- Born: Richard Jones November 12, 1931 San Francisco, California, U.S.
- Died: December 12, 1988 (aged 57) Los Angeles, California, U.S.
- Resting place: Cryopreserved at Alcor Life Extension Foundation
- Years active: 1972–1987
- Awards: Emmy Award for Best Writing in Variety or Music for The Carol Burnett Show (1974, 1975, 1978)

= Dick Clair =

American actor (1931–1988)

Dick Clair (November 12, 1931 – December 12, 1988) was an American television producer, actor and television and film writer, best known for the television sitcoms It's a Living, The Facts of Life, and Mama's Family.

==Early life==
Clair was born Richard Jones in San Francisco, California.
He served in the military for two years from 1955 to 1957. He never married or had children.

==Career==
In the early 1970s, Clair performed husband-and-wife comedy routines for The Ed Sullivan Show and The Dean Martin Show with his writing partner Jenna McMahon. Clair was a screenwriter for episodes of The Mary Tyler Moore Show and The Bob Newhart Show in addition to his Emmy Award-winning writing for the comedy-variety TV program The Carol Burnett Show.

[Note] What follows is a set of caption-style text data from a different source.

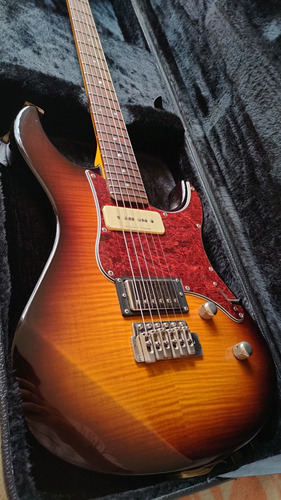 Guitarra Eléctrica Yamaha Pacifica 611 Vfm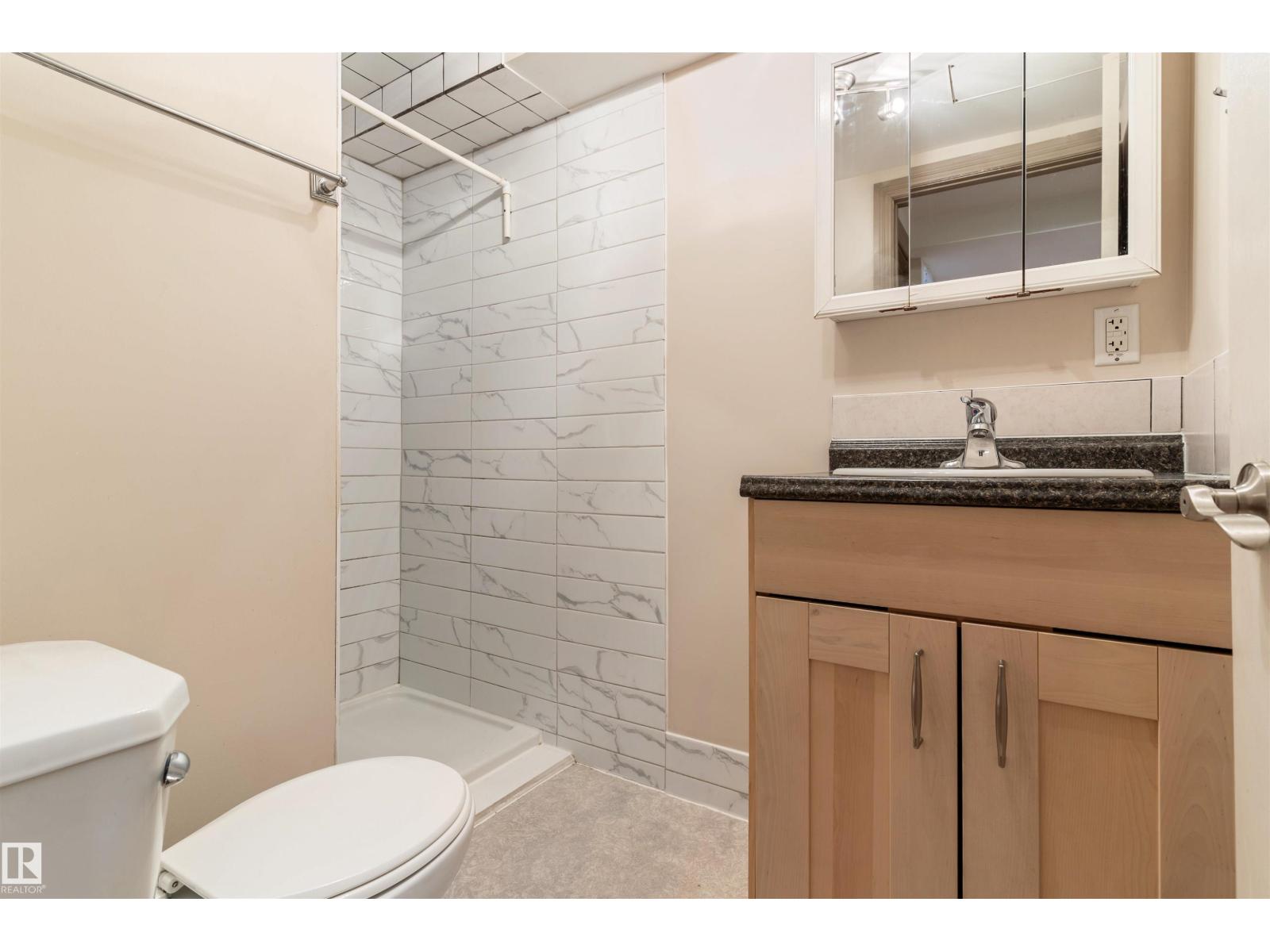 10620 68 AV NW, Edmonton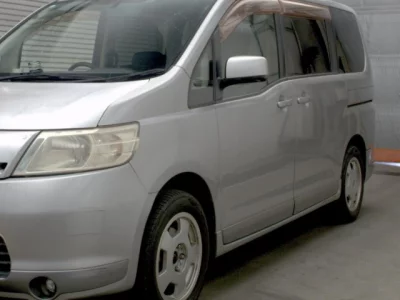 Nissan SERENA  с аукциона в Японии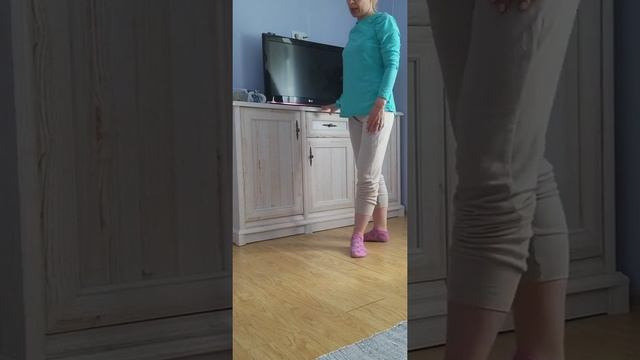 Балетный урок, 1 часть плие, батман тандю и батман тандю жете смотреть онлайн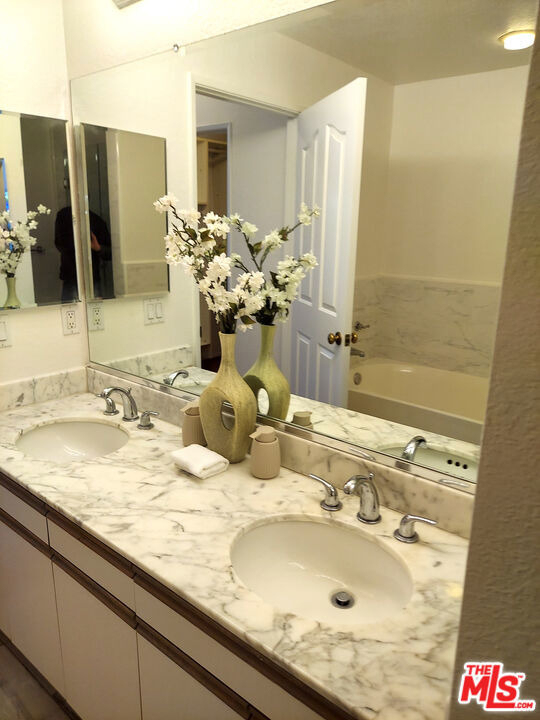 10650 Kinnard Avenue - Photo 16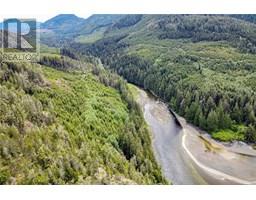 0 Humpback Bay, Sayward, BC V0P1R0 Photo 27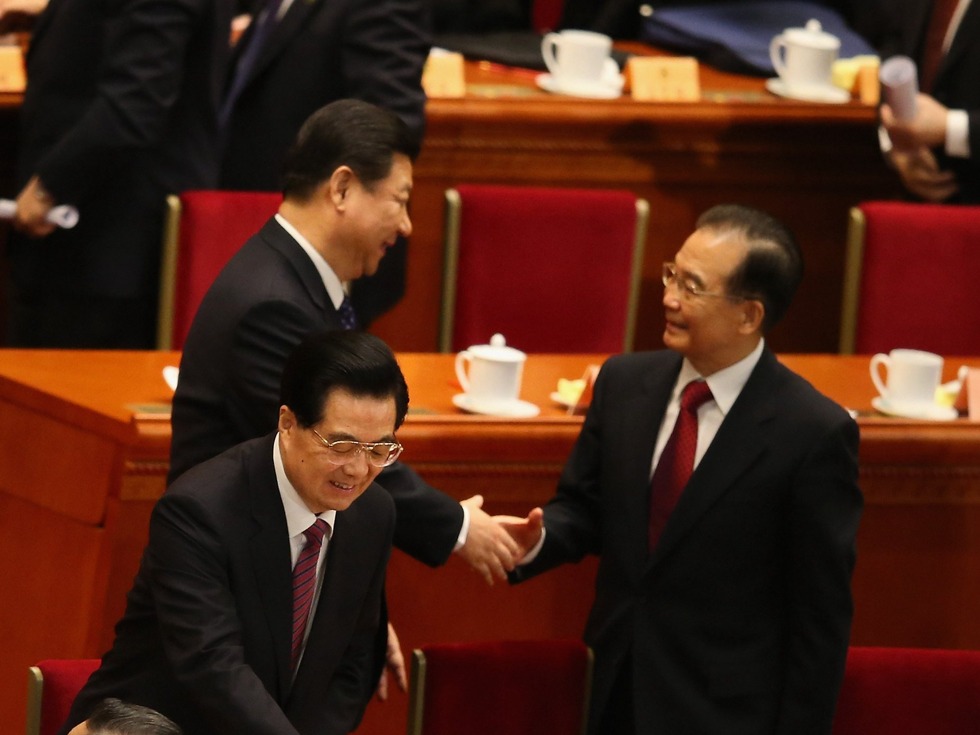 2013月3月3日，习近平与温家宝、胡锦涛在全国政协十二届一次会议开幕式上握手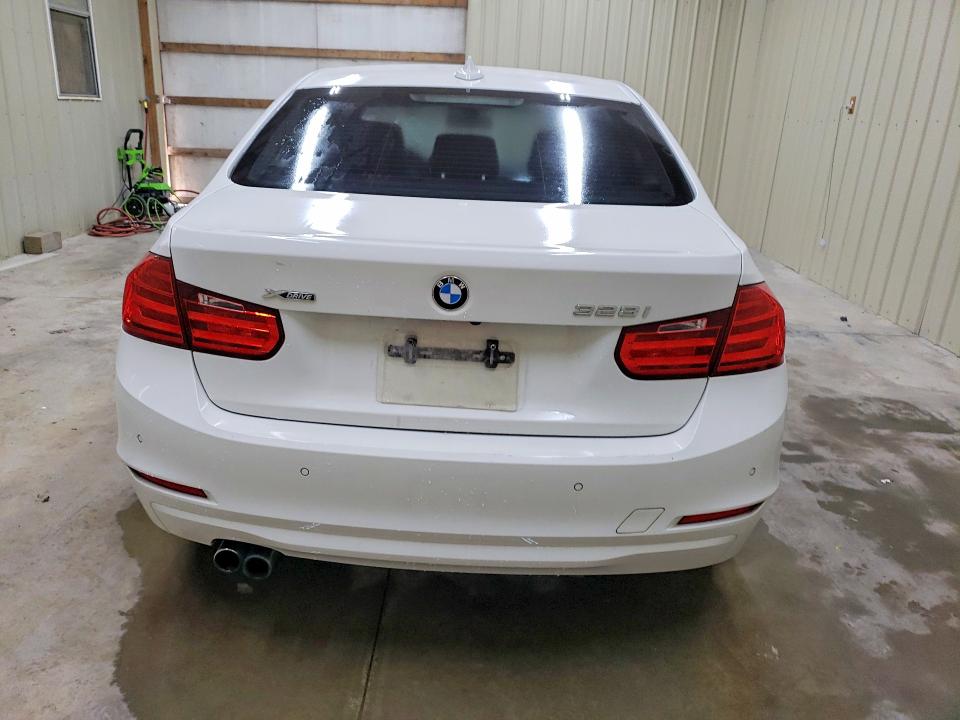 Продаж на аукціоні авто 2015 Bmw 328, vin: WBA3B3C54FF547078, номер лоту: 55902156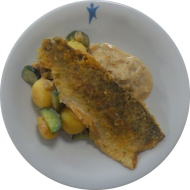 Gegrilltes frisches Lachsforellenfilet (16,24,44,56) auf Lausitzer Gurkenkartoffeln (19)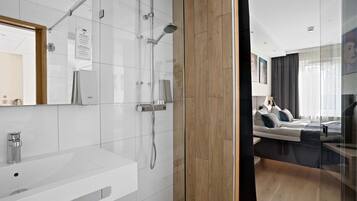 Family Room, 1 King Bed, Non Smoking (with Sofabed) | Bathroom | Shower, hair dryer, towels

With Jenna McMahon, he wrote and produced the television sitcoms It's a Living, The Facts of Life, and Mama's Family.

==Cryonics involvement==
Clair was active as an early member of the Cryonics Society of California in the 1960s. In 1982 he contributed $20,000 to the cryonics organization Trans Time so that a husband and wife could remain cryopreserved in liquid nitrogen. He was diagnosed with AIDS in 1986. When he was hospitalized in 1988, he faced opposition from the hospital and the State of California concerning his desire for cryonics treatment. The ensuing court battle (Roe v. Mitchell, with Clair as "John Roe") ended victoriously, establishing the legal right of persons to be cryonically preserved in the state of California.

==Death==
Clair died on December 12, 1988, of multiple AIDS-related infections at the age of 57. He was cryopreserved at the Alcor Life Extension Foundation.